Non-tariff measures (NTMs) are defined as ‘…policy measures other than ordinary customs tariffs that can potentially have an economic effect on international trade in goods, changing quantities traded, or prices or both…’.
At the time of publication, over 2000 NTMs had been recorded through the World Trade Organisation (WTO) for 2016. Technical measures such as Sanitary and Phytosanitary (SPS) and Technical Barriers to Trade (TBT) notifications equate to more than 60% of all NTM notifications reported through the WTO. These notifications are of particular relevance to agricultural commodities.
Non-Tariff Measures and Trade Barriers
The World Trade Organization (WTO) provides guidelines for the application of NTMs. In essence, the WTO rules indicate that NTMs must be transparent, not overly restrictive to trade or applied arbitrarily. These rules help distinguish legitimate policy regulations and procedures from protectionist measures that may impede trade. The Australian Government supports the WTO rules.
In some instances, an NTM may be WTO-inconsistent and act as a barrier to trade for Australian agricultural products. The Australian Government is working with industry to address priority NTMs that are a barrier to trade and to reduce their impact.
Classification of Non-Tariff Measures
To assist in the identification and quantification of NTMs, the United Nations Conference on Trade and Development (UNCTAD) developed a universal classification system for NTMs. The UNCTAD classification of NTMs is essentially a taxonomy of all those measures considered relevant in today’s situation in international trade. The classification system consists of 16 chapters (A to P), with each individual chapter divided into groupings with up to three layers of subcategories (See table 1).

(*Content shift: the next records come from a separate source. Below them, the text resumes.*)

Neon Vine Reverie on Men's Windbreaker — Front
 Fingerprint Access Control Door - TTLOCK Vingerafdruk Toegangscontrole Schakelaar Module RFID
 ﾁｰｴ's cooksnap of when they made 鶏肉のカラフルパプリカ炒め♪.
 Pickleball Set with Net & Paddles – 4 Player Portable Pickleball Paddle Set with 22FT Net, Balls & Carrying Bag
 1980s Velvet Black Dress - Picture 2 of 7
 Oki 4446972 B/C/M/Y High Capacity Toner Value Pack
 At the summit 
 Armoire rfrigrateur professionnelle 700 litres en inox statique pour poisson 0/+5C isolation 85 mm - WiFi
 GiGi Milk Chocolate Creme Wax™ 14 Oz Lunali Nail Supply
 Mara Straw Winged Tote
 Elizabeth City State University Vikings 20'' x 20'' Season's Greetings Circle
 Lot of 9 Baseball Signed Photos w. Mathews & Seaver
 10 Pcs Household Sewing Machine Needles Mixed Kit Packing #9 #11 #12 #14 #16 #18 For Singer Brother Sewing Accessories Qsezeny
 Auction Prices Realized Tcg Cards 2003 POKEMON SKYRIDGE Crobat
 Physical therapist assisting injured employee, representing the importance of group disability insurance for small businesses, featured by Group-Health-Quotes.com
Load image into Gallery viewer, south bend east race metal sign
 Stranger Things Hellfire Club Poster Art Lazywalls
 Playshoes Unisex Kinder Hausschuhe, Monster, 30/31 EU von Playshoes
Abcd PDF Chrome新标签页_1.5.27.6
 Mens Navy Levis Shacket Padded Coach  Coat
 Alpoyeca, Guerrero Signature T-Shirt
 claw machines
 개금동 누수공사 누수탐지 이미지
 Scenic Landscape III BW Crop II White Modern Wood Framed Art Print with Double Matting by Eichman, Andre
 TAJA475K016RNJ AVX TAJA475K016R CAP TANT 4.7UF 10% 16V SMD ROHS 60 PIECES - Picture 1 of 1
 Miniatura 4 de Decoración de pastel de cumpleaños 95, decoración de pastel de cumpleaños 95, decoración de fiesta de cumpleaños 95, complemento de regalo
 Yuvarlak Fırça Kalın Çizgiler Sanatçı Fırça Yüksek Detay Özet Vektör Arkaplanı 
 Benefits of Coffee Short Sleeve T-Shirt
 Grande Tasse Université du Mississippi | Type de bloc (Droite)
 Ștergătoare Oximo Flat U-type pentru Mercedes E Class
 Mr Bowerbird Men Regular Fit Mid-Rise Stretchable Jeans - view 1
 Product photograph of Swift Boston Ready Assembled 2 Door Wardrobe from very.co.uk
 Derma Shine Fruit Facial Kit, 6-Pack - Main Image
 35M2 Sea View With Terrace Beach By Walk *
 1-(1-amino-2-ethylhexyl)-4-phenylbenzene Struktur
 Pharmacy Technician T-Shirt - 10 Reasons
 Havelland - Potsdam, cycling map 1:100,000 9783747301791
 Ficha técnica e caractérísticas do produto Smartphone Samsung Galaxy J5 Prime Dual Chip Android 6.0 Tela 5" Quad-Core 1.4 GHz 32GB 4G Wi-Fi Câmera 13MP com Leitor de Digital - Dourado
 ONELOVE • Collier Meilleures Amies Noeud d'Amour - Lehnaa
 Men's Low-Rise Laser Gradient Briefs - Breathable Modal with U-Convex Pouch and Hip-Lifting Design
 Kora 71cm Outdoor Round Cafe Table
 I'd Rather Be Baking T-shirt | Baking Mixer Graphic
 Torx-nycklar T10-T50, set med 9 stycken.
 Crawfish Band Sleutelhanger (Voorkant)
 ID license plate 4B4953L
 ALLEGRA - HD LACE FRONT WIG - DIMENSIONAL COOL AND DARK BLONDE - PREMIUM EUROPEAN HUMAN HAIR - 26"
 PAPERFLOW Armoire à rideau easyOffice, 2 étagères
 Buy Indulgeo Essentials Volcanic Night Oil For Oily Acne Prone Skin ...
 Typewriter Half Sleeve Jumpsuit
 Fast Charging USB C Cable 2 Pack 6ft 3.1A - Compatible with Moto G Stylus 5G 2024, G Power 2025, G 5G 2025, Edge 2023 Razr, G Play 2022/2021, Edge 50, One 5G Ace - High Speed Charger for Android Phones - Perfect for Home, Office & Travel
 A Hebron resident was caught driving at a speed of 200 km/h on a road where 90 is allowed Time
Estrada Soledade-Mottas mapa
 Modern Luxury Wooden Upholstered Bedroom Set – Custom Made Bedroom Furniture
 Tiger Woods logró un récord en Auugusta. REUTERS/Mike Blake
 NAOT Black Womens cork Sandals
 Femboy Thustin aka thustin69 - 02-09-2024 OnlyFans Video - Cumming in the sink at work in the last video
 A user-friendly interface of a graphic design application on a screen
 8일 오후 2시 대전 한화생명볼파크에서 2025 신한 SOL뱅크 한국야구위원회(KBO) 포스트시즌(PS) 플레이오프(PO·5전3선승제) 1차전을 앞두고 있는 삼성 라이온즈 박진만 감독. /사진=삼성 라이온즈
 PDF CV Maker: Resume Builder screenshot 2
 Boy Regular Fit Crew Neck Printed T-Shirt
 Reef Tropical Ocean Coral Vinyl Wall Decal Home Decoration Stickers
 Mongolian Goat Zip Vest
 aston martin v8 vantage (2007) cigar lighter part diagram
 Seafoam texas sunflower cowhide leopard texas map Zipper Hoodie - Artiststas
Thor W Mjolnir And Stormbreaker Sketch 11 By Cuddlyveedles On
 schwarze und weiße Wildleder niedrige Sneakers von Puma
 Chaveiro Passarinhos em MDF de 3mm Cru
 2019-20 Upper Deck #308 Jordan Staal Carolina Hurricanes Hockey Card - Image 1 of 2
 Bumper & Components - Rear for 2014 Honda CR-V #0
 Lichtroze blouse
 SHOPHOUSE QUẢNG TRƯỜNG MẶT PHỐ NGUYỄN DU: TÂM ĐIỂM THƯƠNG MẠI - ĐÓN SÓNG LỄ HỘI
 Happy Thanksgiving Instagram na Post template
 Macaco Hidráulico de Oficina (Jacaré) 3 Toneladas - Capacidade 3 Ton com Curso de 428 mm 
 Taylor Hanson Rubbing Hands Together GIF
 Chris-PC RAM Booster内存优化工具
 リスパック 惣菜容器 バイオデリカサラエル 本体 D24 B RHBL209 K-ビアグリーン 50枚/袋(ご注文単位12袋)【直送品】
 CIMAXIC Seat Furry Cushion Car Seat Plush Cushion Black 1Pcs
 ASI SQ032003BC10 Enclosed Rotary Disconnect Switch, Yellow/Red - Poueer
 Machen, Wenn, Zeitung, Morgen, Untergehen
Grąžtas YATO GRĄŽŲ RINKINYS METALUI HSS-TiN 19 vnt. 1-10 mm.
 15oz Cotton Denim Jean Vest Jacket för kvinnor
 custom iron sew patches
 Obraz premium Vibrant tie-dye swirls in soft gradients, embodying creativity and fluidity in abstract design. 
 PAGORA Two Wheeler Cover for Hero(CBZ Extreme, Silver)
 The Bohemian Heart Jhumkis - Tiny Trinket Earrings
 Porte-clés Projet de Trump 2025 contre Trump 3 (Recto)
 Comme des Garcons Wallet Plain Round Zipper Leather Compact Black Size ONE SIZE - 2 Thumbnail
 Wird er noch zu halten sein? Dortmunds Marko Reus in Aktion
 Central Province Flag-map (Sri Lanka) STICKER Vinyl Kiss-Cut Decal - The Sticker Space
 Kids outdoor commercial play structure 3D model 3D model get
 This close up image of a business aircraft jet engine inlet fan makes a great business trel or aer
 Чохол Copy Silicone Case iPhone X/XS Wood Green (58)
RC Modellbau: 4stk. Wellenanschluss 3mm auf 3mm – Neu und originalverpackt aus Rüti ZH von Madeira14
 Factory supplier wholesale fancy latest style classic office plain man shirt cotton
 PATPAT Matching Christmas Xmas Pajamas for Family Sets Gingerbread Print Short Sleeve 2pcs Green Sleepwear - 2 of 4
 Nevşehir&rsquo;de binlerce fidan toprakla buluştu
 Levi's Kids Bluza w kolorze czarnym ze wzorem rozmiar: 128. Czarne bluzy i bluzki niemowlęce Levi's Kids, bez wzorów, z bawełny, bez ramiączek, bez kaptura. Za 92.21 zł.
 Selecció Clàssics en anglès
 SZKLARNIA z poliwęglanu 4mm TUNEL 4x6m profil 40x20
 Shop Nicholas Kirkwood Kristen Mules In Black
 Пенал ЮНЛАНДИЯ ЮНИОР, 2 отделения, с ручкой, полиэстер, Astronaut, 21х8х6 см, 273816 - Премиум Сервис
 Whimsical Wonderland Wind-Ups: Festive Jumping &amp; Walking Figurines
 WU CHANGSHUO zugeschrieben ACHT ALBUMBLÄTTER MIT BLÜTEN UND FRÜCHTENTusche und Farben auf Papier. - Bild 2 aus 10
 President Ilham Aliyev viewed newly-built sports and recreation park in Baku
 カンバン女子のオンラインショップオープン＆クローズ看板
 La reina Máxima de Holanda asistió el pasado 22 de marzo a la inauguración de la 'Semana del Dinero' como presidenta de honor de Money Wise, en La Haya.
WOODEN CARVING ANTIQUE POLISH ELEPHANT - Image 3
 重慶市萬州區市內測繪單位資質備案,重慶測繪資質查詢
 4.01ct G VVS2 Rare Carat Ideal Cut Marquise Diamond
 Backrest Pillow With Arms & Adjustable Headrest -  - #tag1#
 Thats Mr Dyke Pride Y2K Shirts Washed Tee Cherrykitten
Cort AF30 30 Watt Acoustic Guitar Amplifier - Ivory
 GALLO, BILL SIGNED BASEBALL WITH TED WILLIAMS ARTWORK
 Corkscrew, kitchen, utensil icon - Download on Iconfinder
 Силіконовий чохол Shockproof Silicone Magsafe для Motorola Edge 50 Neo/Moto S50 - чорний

Table 1: The UNCTAD NTM classification table
This classification system acknowledges existence of measures and does not judge on legitimacy, adequacy, necessity or discrimination of any form of policy intervention used in international trade. It helps exporters worldwide to access transparent, reliable and comparable information and enables understanding of NTMs.
Actions to Address NTMs
Vast numbers of NTMs are released annually. As a result, it is not possible to address every NTM. The Australian Government believes that the best approach to addressing NTMs is to identify, quantify and prioritise NTMs of significance. Once the NTMs of significance have been identified, one or more of the following actions may be taken to address the measure:
- Refer to industry body for commercial resolution;
- The Department of Agriculture and Water Resources undertakes bilateral discussions with the relevant importing country authorities;
- Issue is raised in Free Trade Agreement (FTA) discussions;
- Australian Government addresses through international forums – e.g. international standard setting processes, SPS committee, TBT committee;
- Australian Government collaborates with like-minded countries; and
- Australian Government reviews whether the case is serious enough to lodge a dispute via the WTO.